Ransdell outlined the departmental cuts in an email attachment (download here) and said the effects would trickle down directly to students with higher tuition next year.
“At this point, we are identifying unavoidable cost increases in the context of a projected modest tuition rate increase for next fall,” he said in the email.
WKU’s Board of Regents raised tuition 5 percent for in-state students and 5.9 percent for out-of-state students in June 2010. As $5.4 million federal stimulus funds run out on June 30 — and state funding for WKU continuing to fall — Ransdell said tuition has to go up again.
He said WKU has suffered an 11.4 percent reduction in state funding since 2008, which totals more than $9 million.
Just how much WKU raises tuition for the 2011-2012 academic year will be determined this spring in conjunction with the Council on Postsecondary Education, Ransdell said.

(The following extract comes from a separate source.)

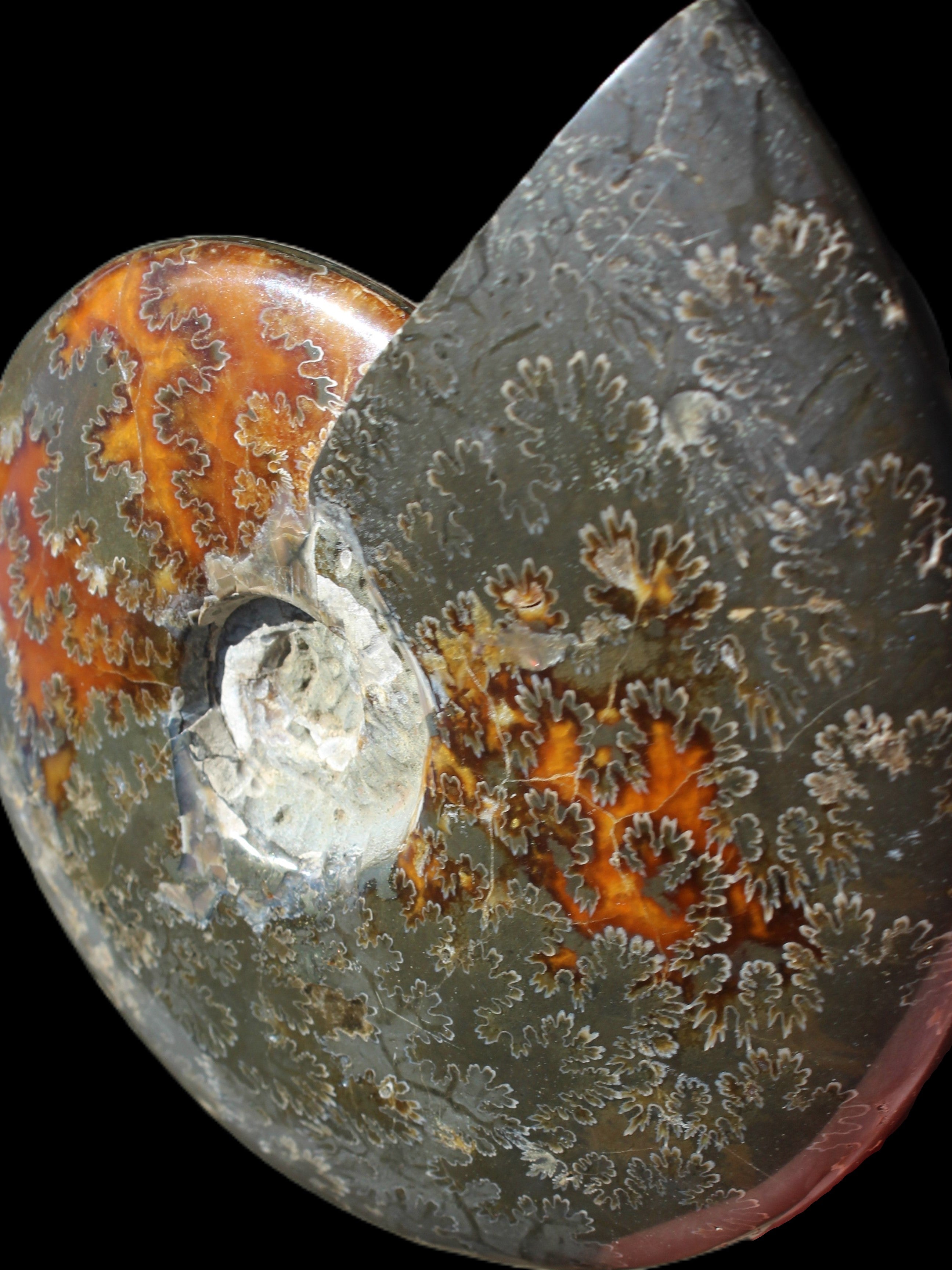 Ammonite from Madagascar 1326g Rocks and Things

“Our immediate challenge is how to most prudently reduce spending by $2.3 million while sustaining as little negative impact as possible on our faculty, staff, and students,” he said in the email. “Every division of the University will share these difficult reductions.”
Gordon Emslie, provost and vice president for Academic Affairs, has previously said that the $2.3 million in budget cuts won’t result in layoffs for faculty and staff.
Ransdell said on Friday that it’s up to department heads in choosing how to distribute the cuts “while sustaining as little negative impact as possible on our faculty, staff, and students.”
Academic Affairs makes up the biggest chunk of the cuts at $1,476,127. Campus Services and Facilities took the second-largest cut at $348,00, and Information Technology is down $136,387.
No other division suffered more than $100,000 in cuts.
Consensus among WKU officials has been that cuts could have been worse when compared to how other universities recover from diminishing stimulus money.
“Some universities must decrease costs by so much that I don’t see how they’re still open,” said Ann Mead, vice president for Finance and Administration, in February.
Ransdell said much of the same in announcing WKU’s cuts on Friday.
“The global recession has affected all aspects of our local, regional, state, and national economies,” he said. “But as bad as it has impacted us at WKU, I must also acknowledge that our total impact over this period of time has not been as bad as most other states and many other public universities.”